JSON’s basic types are:

  • Number (double precision floating-point format in JavaScript, generally depends on implementation)
  • String (double-quoted Unicode, with backslash escaping)
  • Boolean (true or false)
  • Array (an ordered sequence of values, comma-separated and enclosed in square brackets; the values do not need to be of the same type)
  • Object (an unordered collection of key:value pairs with the ‘:’ character separating the key and the value, comma-separated and enclosed in curly braces; the keys must be strings and should be distinct from each other)
  • null (empty)

Non-significant white space may be added freely around the “structural characters” (i.e. brackets “{ } [ ]”, colons “:” and commas “,”).

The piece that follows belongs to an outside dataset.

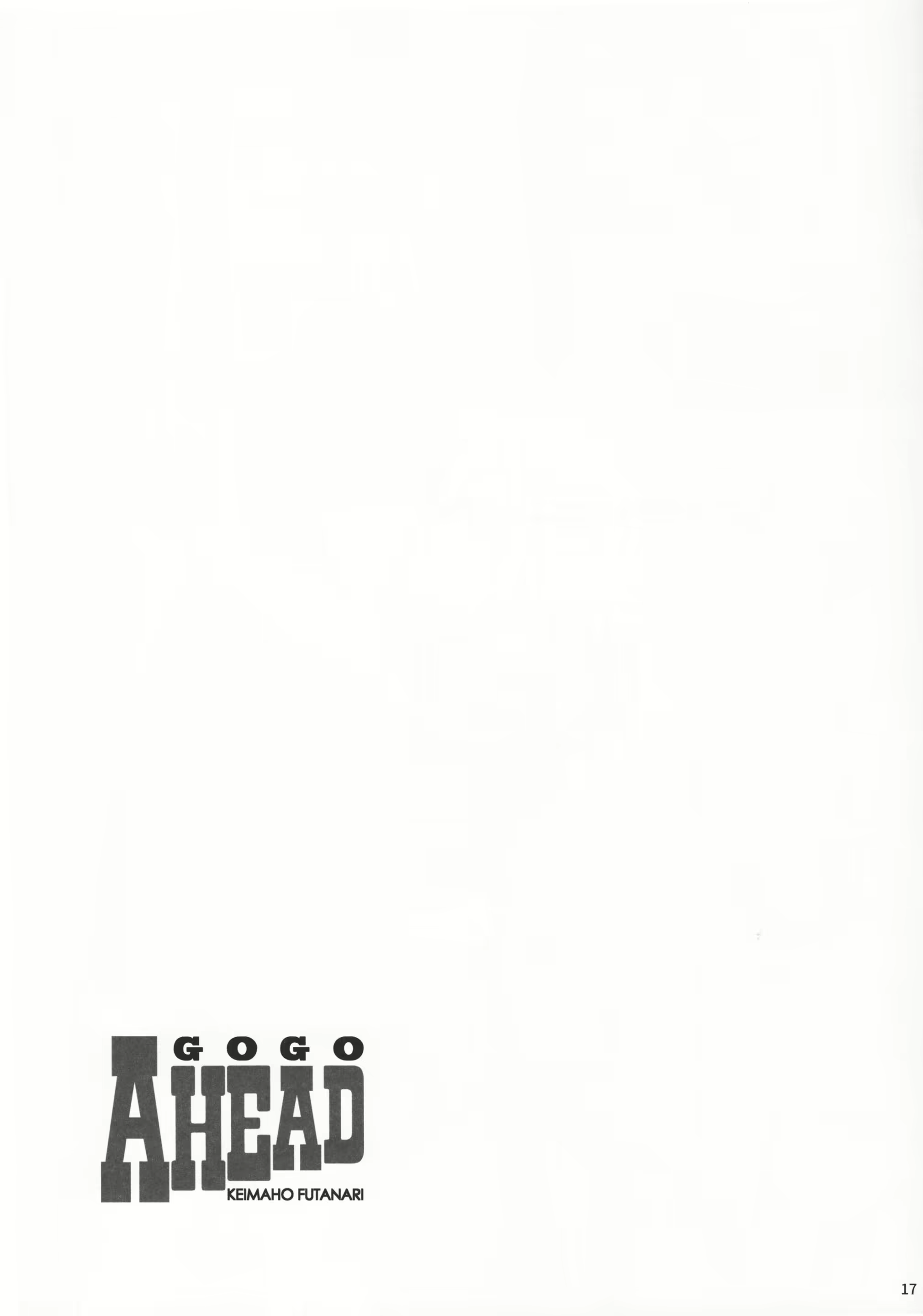 Content 1692893 - 16 페이지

The following example shows the JSON representation of an object that describes a person. The object has string fields for first name and last name, a number field for age, an object representing the person’s address and an array of phone number objects.

{
    "firstName": "John",
    "lastName": "Smith",
    "age": 25,
    "address": {
        "streetAddress": "21 2nd Street",
        "city": "New York",
        "state": "NY",
        "postalCode": 10021
    },
    "phoneNumbers": [
        {
            "type": "home",
            "number": "212 555-1234"
        },
        {
            "type": "fax",
            "number": "646 555-4567"
        }
    ]
}

One potential pitfall of the free-form nature of JSON comes from the ability to write numbers as either numeric literals or quoted strings. For example, ZIP Codes in the northeastern U.S. begin with zeroes (for example, 07728 for Freehold, New Jersey). If written with quotes by one programmer but not by another, the leading zero could be dropped when exchanged between systems, when searched for within the same system, or when printed. In addition, postal codes in the U.S. are numbers but other countries use letters as well. This is a type of problem that the use of a JSON Schema (see below) is intended to reduce.

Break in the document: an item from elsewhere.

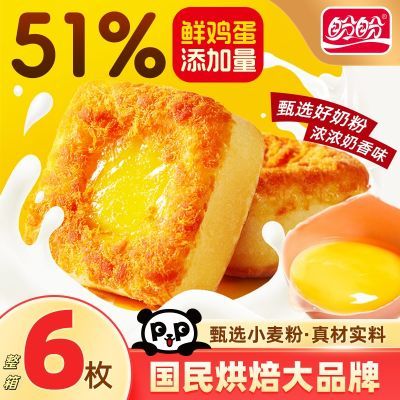 ڲβյ300g̵иСʳ14.9Ԫ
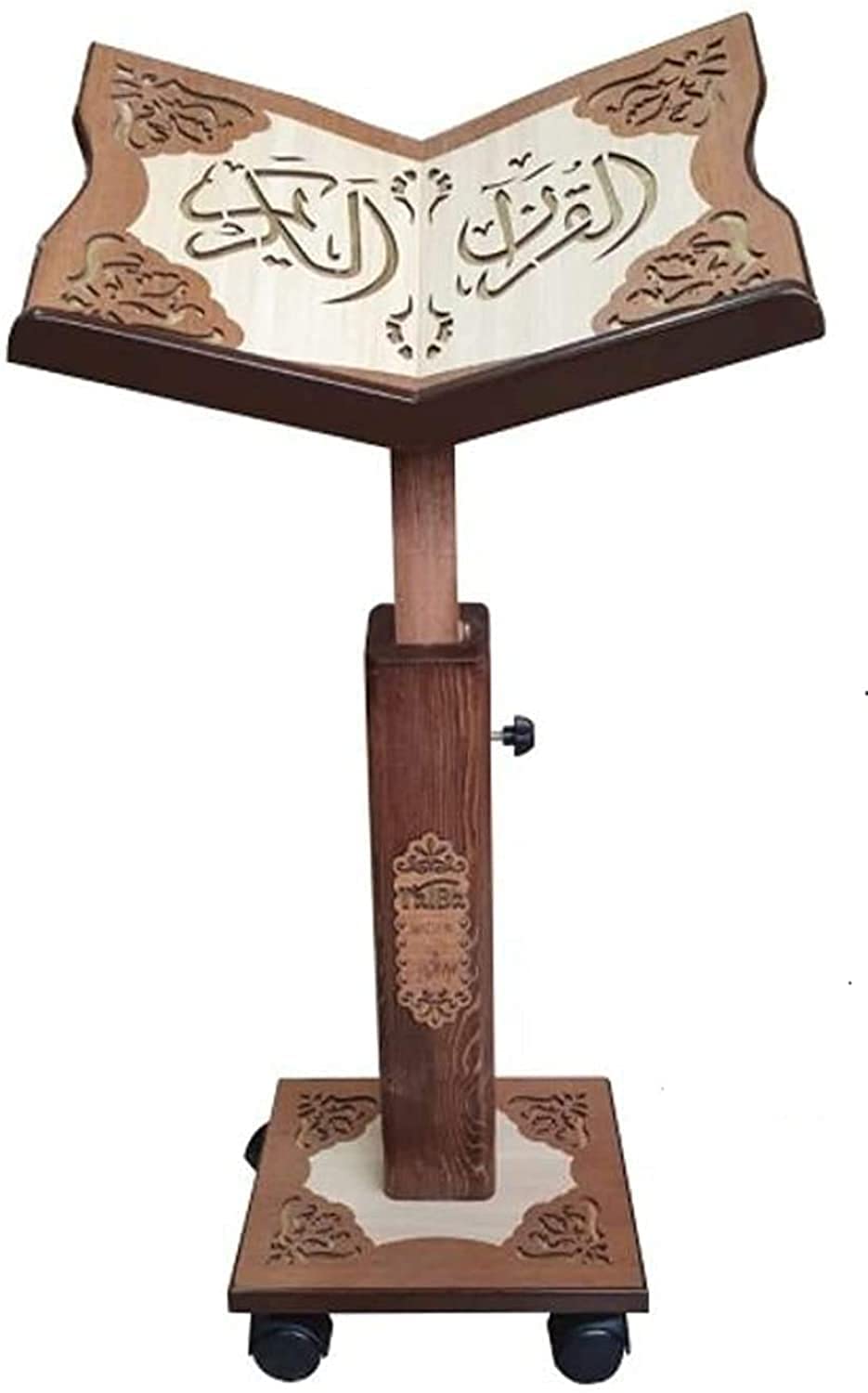 anmol Turkish Holy Quran Stand Oak Brown 85x24x24centimeter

Since JSON is almost a subset of JavaScript, it is possible, but not recommended,[7] to parse most JSON text into an object by invoking JavaScript’s eval() function. For example, if the above JSON data is contained within a JavaScript string variable contact, one could use it to create the JavaScript object p as follows:

 var p = eval("(" + contact + ")");

The contact variable must be wrapped in parentheses to avoid an ambiguity in JavaScript’s syntax.[8]

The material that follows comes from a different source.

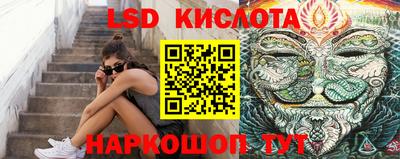 a pvp Гулькевичи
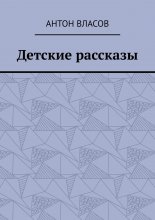 Детские рассказы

The recommended way, however, is to use a JSON parser. Unless a client absolutely trusts the source of the text, or must parse and accept text that is not strictly JSON-compliant, one should avoid eval(). A correctly implemented JSON parser accepts only valid JSON, preventing potentially malicious code from being executed inadvertently.

 var p = JSON.parse(contact);

Browsers, such as Firefox 4 and Internet Explorer 8, include special features for parsing JSON. As native browser support is more efficient and secure than eval(), native JSON support is included in the recently-released Edition 5 of the ECMAScript standard.[9]

jQuery library wrap JSON object in function constructor and execute it immediately if JSON.parse is not present. This avoid using eval in the code.

 var p = new Function('return ' + contact ';')();

Despite the widespread belief that JSON is a JavaScript subset, this is not the case. Specifically, JSON allows the Unicode line terminators U+2028 line separator and U+2029 paragraph separator to appear unescaped in quoted strings, while JavaScript does not.[10] This is a consequence of JSON disallowing only “control characters”. This subtlety is important when generating JSONP.